A Snakemake workflow to assemble balanced, representative and manageable datasets for comparative and phylogenetic analysis of bacteria and archaea. Datasets can be generated based either on the phylogenomic tree offered by GTDB , or on the taxonomy offered by GTDB or by NCBI.
Running the TADA-workflow requires Conda.
Clone the repository from git and change into the TADA directory.
git clone https://github.com/emilhaegglund/TADA.git
cd TADA
Install and activate the conda environment from which the workflow will be run. This will install Mamba and Snakemake.
conda env create -f environment.yaml
conda activate tada
Before running the workflow, the first step is to set up the configuration file. This file will determine the behavior of the workflow. An example of the configuration file can be found in config/config.yaml
. You can either modify this file or create a new. The location of the config-file must be specified using the --configfile
option when running Snakemake.
The first option is to set the path to the output-directory:
workdir: "results"
The workflow can be run using three different methods:
- Sampling based on the NCBI taxonomy (
sample_ncbi
). - Sampling based on the GTDB taxonomy (
sample_gtdb
). - Sampling based on the GTDB phylogeny (
prune_gtdb
).
E.g.:
method: "sample_gtdb"
A random seed can be used to reproduce the output of sampling and pruning from the GTDB-database.
seed: 42
When using the sample_gtdb
or sample_ncbi
option a file containing a list of genome accessions to be include in the dataset can be given with the required
option.
required: "../config/required-genomes.txt"

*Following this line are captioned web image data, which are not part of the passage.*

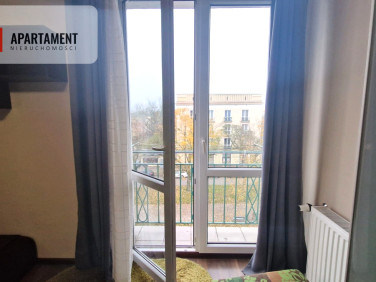 Mieszkanie Bydgoszcz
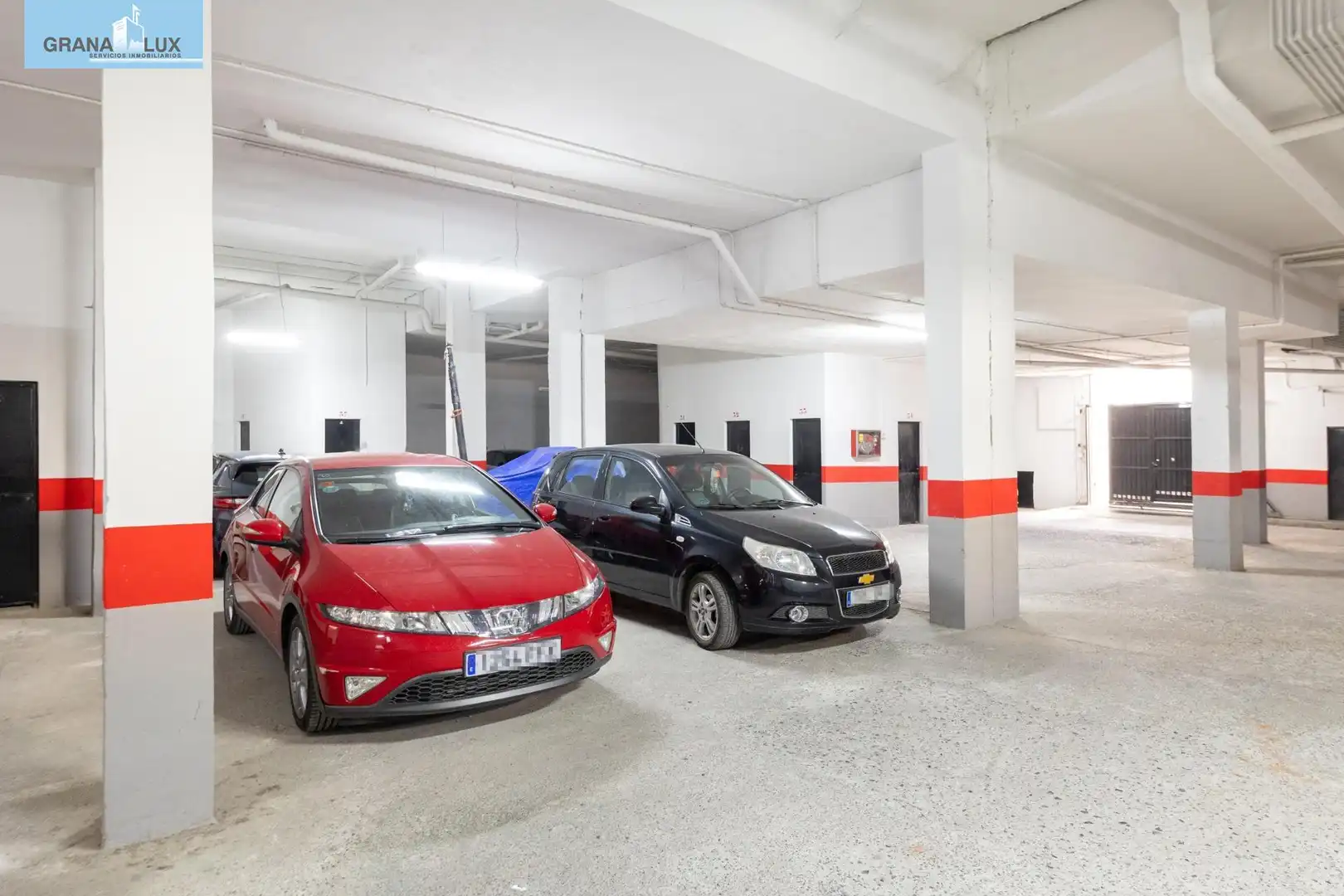 Penthouse zum Verkauf in Camino de Ogijares, imagen 25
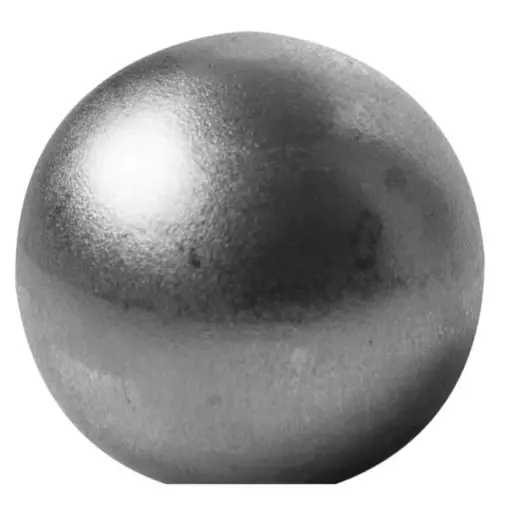 [K43.710] Bumba (tukša) D110mm, d58mm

An NCBI API Key can be used in the workflow with the following option
ncbi_api_key: "NCBI-API-KEY"
TADA can download genomes, CDS (genes), proteomes, and/or GFF3 annotations for the sampled genomes. If all options below are set to False, the workflow will stop after the sampling procedure. TADA will annotate genomes for which no annotation is available using Prokka.
downloads:
genomes: False
cds: False
proteomes: True
gff3: False
TADA can also build different type of Blast-compatible databases, either using the NCBI Blast suite or Diamond (only for proteins).
databases:
blast_genome: False
blast_cds: False
blast_protein: False
diamond_protein: True
Next follows options specific to the different sampling methods listed above.
Options for sampling from the NCBI Taxonomy
To sample from the NCBI Taxonomy we have to give the path to a sampling scheme and we also need to define if we want to sample from GenBank or RefSeq. Sampling from NCBI is restricted to taxa classified as Bacteria or Archaea. The reason for this is that the annotation software in the workflow are for prokaryotic genomes.
sample_ncbi:
sampling_scheme: <path>
database: <string>
sampling_scheme
: Path to the sampling scheme that will be used. See Defining a sampling scheme for more details on this.
database
: Sample from "GenBank"
or "RefSeq"
.
Example
In the example below, TADA will sample one taxa from each defined phylum in the RefSeq-database.
sample_ncbi:
sampling_scheme: "../config/sampling_scheme.ncbi_refseq.yaml"
database: "RefSeq"
Options for sampling the GTDB Taxonomy
sample_gtdb:
sampling_scheme: <path>
completeness: <float>
contamination: <float>
gtdb_species_representative: <bool>
version: <str>
sampling_scheme
: Path to the sampling scheme that will be used. See Defining a sampling scheme for more details on this.
completeness
: Exclude taxa with a completeness estimate less than this value (Default: 0
).
contamination
: Exclude taxa with a contamination estimate larger than this value (Default: 100
).
gtdb_species_representative
: False will keep all entries while True will only keep entries that are classified as GTDB species representatives.
version:
Select which version of GTDB to use. E.g. 207
and 214
are supported (Default: 214
).
Example
In the example below we will use the sampling scheme defined in config/sampling_scheme.basic.yaml
. For this example the workflow will sample three taxa for each phylum, but only sample from representative species with an estimated completeness over 90% and an estimated contamination under 5%.
sample_gtdb:
sampling_scheme "../config/sampling_scheme.basic.yaml"
completeness: 90
contamination: 5
gtdb_species_representative: True
Options for pruning the GTDB phylogenies
GTDB includes separate phylogenies for bacteria and archaea. TADA will prune these phylogenies based on the evolutionary distance between taxa, reducing the number of taxa to the amount specified in the configuration file. Before the distance-based pruning, it is also possible to use the completeness and contamination criteria to remove taxa that do not meet these requirements from the phylogeny.
prune_gtdb:
bac120: <int>
ar53: <int>
completeness: <float>
contamination: <float>
prune_method: <str>
taxon: <str>
version: <str>
bac120
: Number of taxa to sample from the bacterial phylogeny.
ar53
: Number of taxa to sample from the archaeal phylogeny.
completeness
: Exclude taxa with a completeness estimate less than this value (Default: 0
).
contamination
: Exclude taxa with a contamination estimate larger than this value (Default: 100
).
prune_method
: Select what method to use for pruning, "shortest"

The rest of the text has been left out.